Data ingestion into a SPARK based database allows for increases in scalability and performance. With DNAnexus, in addition to the increased scalability, ingested data can be used with the Cohort Browser, Association Browser, and various dataset enabled tools.
Small datasets are datasets with a high degree of quality/predictability with only a few logical entities that have less than a hundred features (columns) and usually no more than a few hundred thousand examples (rows) in each entity. These datasets can represent some analysis that's been performed, a sample of a larger dataset, or just limited availability.
This type of a dataset is a great dataset to get use for getting familiar with data ingestion tools before moving on to a larger dataset as managing, prepping, and ingesting the dataset can be done all at once.
For a small dataset, the Data Model Loader application can be used to ingest the data files along with a data dictionary and optional coding. This will ensure that the ingested data is properly ingested into the database and a dataset is created so that the data can then be used with the Cohort Browser, various apps, and is available in a structured manner through dxdata for use in Jupyter or other command line environments.

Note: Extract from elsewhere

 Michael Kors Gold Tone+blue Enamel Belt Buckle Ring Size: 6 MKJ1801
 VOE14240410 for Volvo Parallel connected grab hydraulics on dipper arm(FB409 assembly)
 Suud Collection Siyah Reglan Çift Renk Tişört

Large datasets are datasets of varying quality that span many logical entities, can have hundreds or thousands of features (columns) and can have millions of examples (rows) in each entities. These datasets can include extracts of the following:
large clinical datasets
core company data
other large, mature datasets
Datasets of this size may conform to ontologies such as OMOP, SNOMED, or MedDRA or be predictably structured such as UKBiobank. These datasets often require greater data engineering consideration to outline the data structures and logical entities and can require harmonization or cleansing before the ingestion process begins.
Once the data is cleansed and structured, the Data Model Loader application can be used to ingest the data files along with a data dictionary and optional coding. A more incremental ingestion strategy is recommended to ensure iterative success and easier troubleshooting should issues arise. Often for ingestions of this magnitude, xVantage services are used to help lead to an optimal experience.
Thought the process of translational research, new data can become available or is generated. To facilitate smoother usage usage of the data, the user may desire to append the data to an existing dataset for further use. This type of data is usually only representative of a single entity (or may be an extension of an existing ingested entity) and consists of no more than a few hundred features (columns) and no more than a few million examples (rows). To extend an existing dataset, the Dataset Extender app can be used to rapidly ingest delimited files and append them to an existing dataset with minimal configuration for use with the Cohort Browser, various apps, and is available in a structured manner through dxdata for use in Jupyter or other command line environments.